Ayant pris leur retraite en 2000, Solly et Madeleine ont déménagé à Toronto, pour y rejoindre leurs fils et petits-fils. Pour Solly, bien sûr, “prendre sa retraite” voulait dire prendre sans délai un rôle central dans sa communauté sépharade, et créer une série de nouveaux projets artistiques. D’un côté, il a collecté et enregistré les piyyoutim traditionnels du Nord du Maroc ; en même temps, il a créé ses “Sollyloquies”/”Sollyloquios” multilingues qui provoquaient en nous des fous rires, et ses “one-man-shows” de “Jizzofrenia” – nom basé sur un jeu de mots avec le terme judéo-arabe “khiz” qui signifie carotte.”
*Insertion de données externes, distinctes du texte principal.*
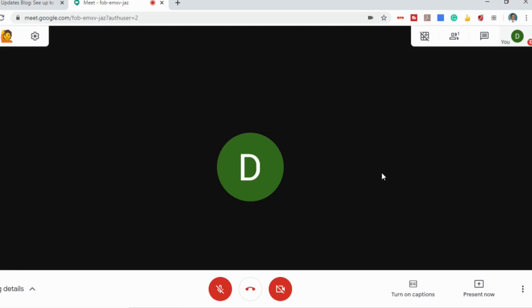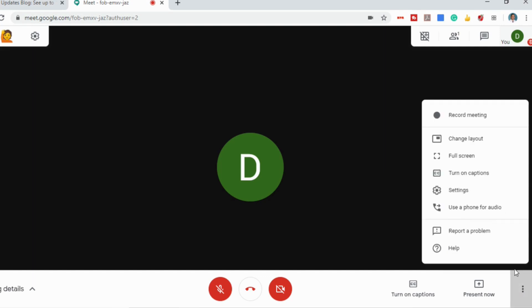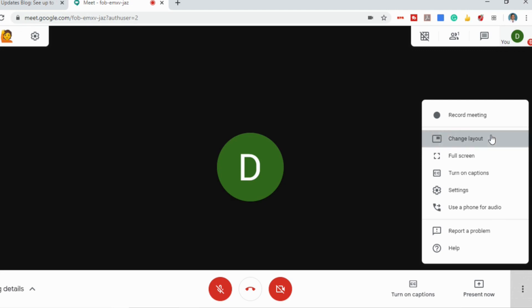To use this new update, all you have to do is go to the bottom right corner, select more options, go up to change layout, and select tiled. Once you select tiled it will display up to 16 people on your screen.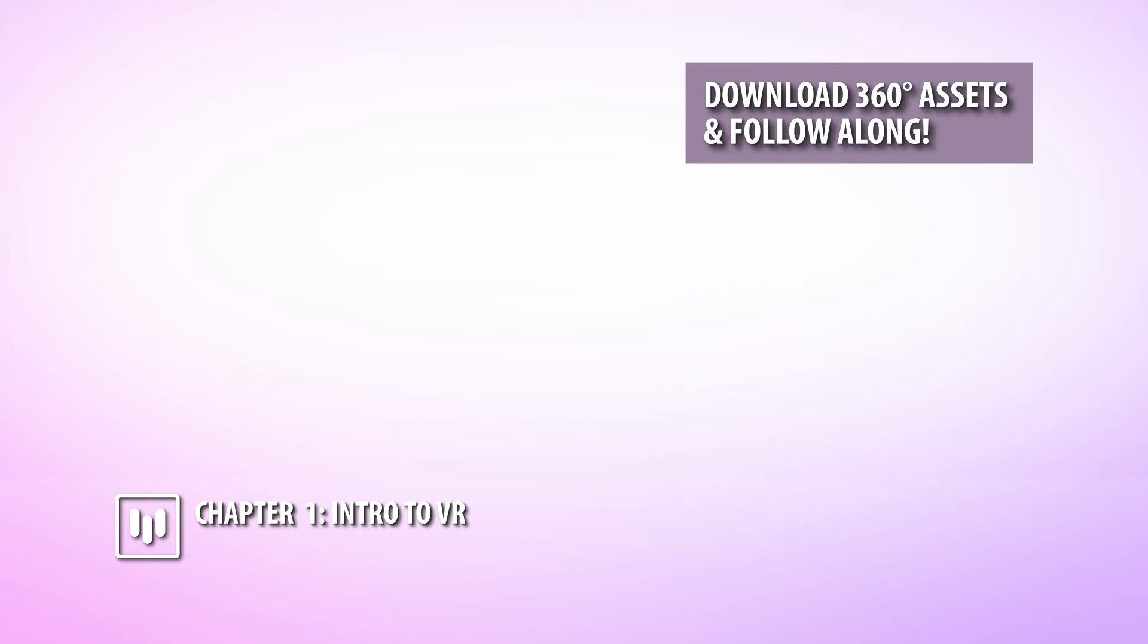If you're absolutely brand new to Mettle and have never tried their products before, keep in mind that you can download a free trial by heading to mettle.com and going to some of the products that will be mentioned later here in the class.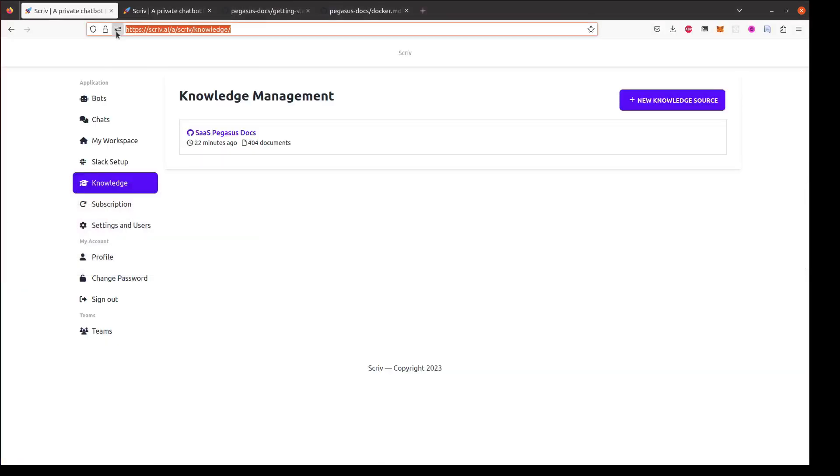So that's Scriv in a nutshell. In this example I only created one knowledge source but I can add as many as I want and the bot will get smarter and smarter. If you'd like to try Scriv yourself you can sign up for free at Scriv.ai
Gerinedo, trois générations
Gerineldo, 3 generations – Toronto, 2014 Judith, Oro, Solly, Tamar & Matan

Entre ses maints autres projets, pour lesquelles il a reçu de nombreux prix d’honneur bien mérités, Solly a traduit – et a adapté – des sélections de Molière en judéo-arabe marocain/français québecois/haketia. “Le Bourgeois Gentilhomme”, par exemple, est devenu “Le Boujadi Gentilhomme.” Il a également adapté “Pygmalion” de Georges Bernard Shaw, avec toutes les chansons. Il a dirigé des classiques du théâtre québécois, en construisant des ponts entre les communautés juive et catholique du Québec. Je me souviens toujours d’avoir assisté à une répétition de son adaptation de “West Side Story” au contexte francophone/anglophone de Montréal : chaque étudiant devait apprendre un rôle central, un rôle mineur et un rôle technique, pour se confronter à tous les aspects du théâtre. Au cours des années 2014 et 2015, Gerineldo s’est à nouveau produit à de brèves reprises. Solly a chanté aux concerts de Paris, pour la communauté juive marocaine, et ensuite à Toronto, à l’Alliance Française. Pour ce dernier spectacle de Toronto, il y avait trois générations sur scène : Tamar avait déjà pris la place de Kelly, qui n’était pas disponible, et Matan Boker, le petit-fils de Solly, a ajouté sa belle voix aux piyyoutim qu’il avait appris de son grand-père adoré. Mais ce fût le dernier concert de Solly. Ses problèmes de santé l’ont empêché de retourner chanter avec nous au Festival Sefarad de Montréal qu’il avait contribué à fonder des décennies auparavant ; ou encore à Paris pour le Festival des Musiques Juives. Sa longue maladie impitoyable ne lui permettait plus de faire les activités qu’il aimait tant, mais n’a jamais pu interrompre ses relations avec sa communauté, qui faisait tout son possible pour lui et sa famille ; et encore moins l’amour profond qu’il partageait à tout moment avec Madeleine, leurs fils et leurs petit-fils.

Solly Lévy nous a quittés, le 10 avril 2020, durant la fête de Pessah…

Ecouter la playlist et lire l’article sur Gerineldo
Lire l’article du journal « Canadian Jewish News » sur la vie de Solly Lévy
Consulter le site Internet de Judith Cohen

Regarder un extrait du documentaire A Sephardic Journey: Solly Levy…From Morocco to Montreal


References
1 Bouena Sarfatty Garfinkle (1916–1997), née à Salonique, était une partisane grecque pendant la Seconde Guerre mondiale. Ses mémoires et recueils de chansons, de proverbes et de vers sont de précieux documents sur la vie juive à Salonique. Elle et son mari ont immigré au Canada en 1947.